Martin called last night.
It was the first time we heard from him in almost two weeks.
Every time he’s called in the past, he always seemed a little disoriented about the dates. To him, the weeks have flown by; he’s been so busy. And with little access to the outside world and absolutely no access to the Internet, it’s been easy for him to lose track of the seasons and current events, and it wouldn’t have surprised me if he didn’t immediately recall that our wedding anniversary is later this week, but he did.
He remembered, and wished me a happy anniversary right away.
Such a good man.
This is the first time in our marriage that we are apart on our anniversary.
Last year, we renewed our vows in a small ceremony with our family and friends in Cincinnati.

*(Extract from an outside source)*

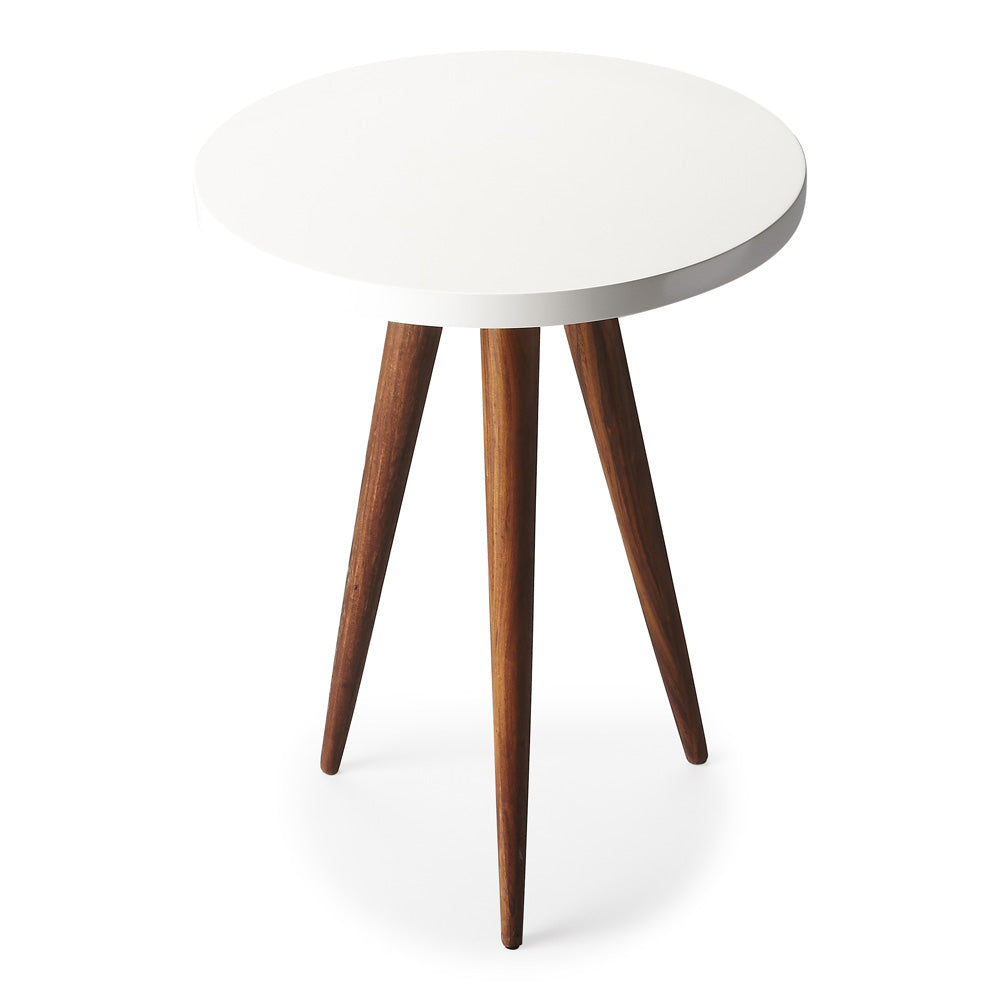 Butler Specialty Company - Carlsbad 15.75 in. W Round Wood Contemporary Bunching Side Table, White/Brown - 3304140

At the time, we were feeling pretty settled and in a good place — in our 30s with three kids and a nice house and steady income, living the dream — and we wanted to celebrate the milestone of keeping it together for a whole decade.

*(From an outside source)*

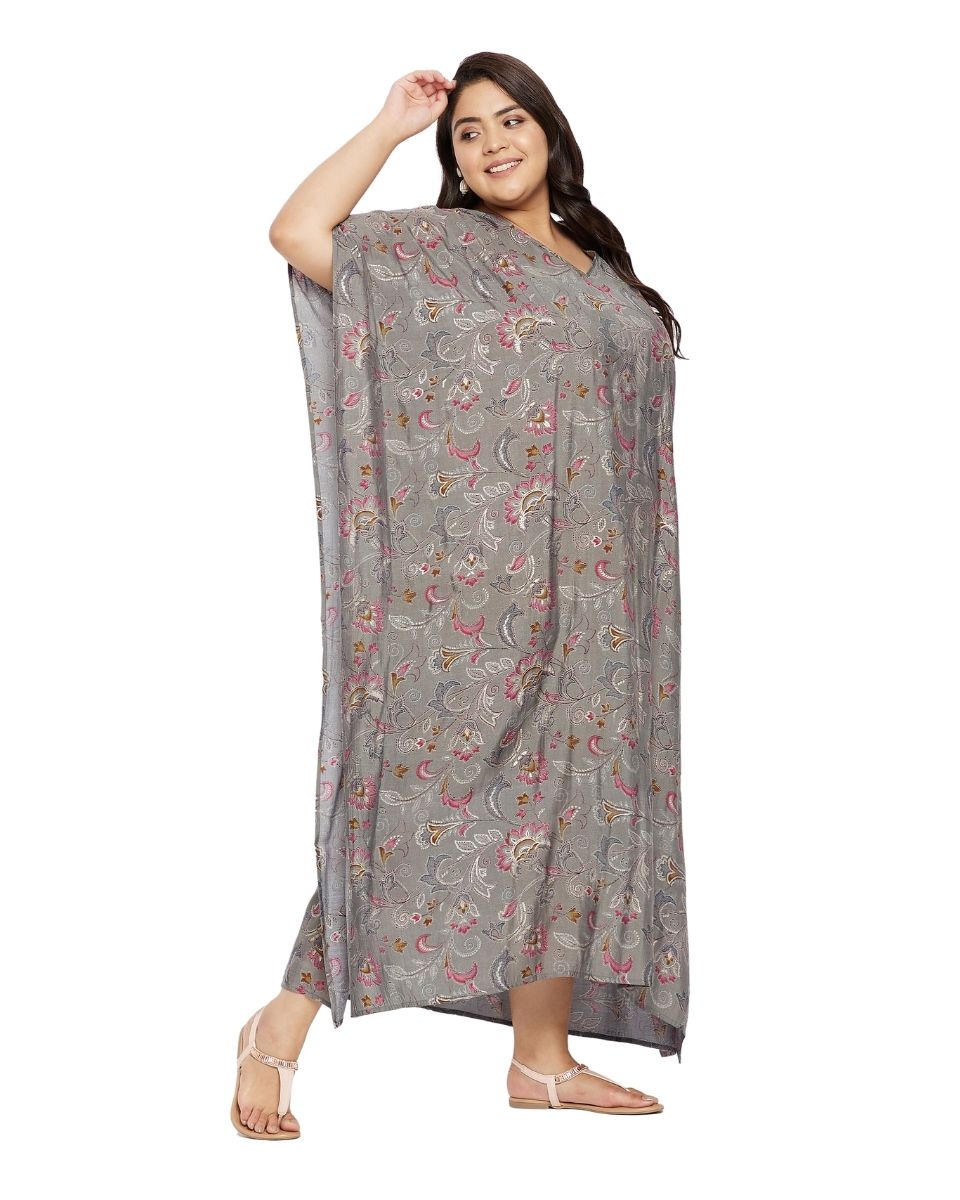 Gray Plus Size V-Neck Kimono Maxi Muslin Kaftan For Women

At that moment one year ago, Martin joining the military again was not on our radar.
But there we were then, and here we are now.
Communicating through sporadic letters and phone calls.
Disconnected as we individually deal with stressful situations.
Despite all that, though, I feel like we’re experiencing a different type of renewal this year.
And it’s not a benchmark, but a beginning.
So I’m not disappointed at all with our circumstances this anniversary.
Because even on the days when I’m overwhelmed and feel like an unbearable clamp is on my heart from the frustration and loneliness, I feel so confident that we’re right where we’re supposed to be.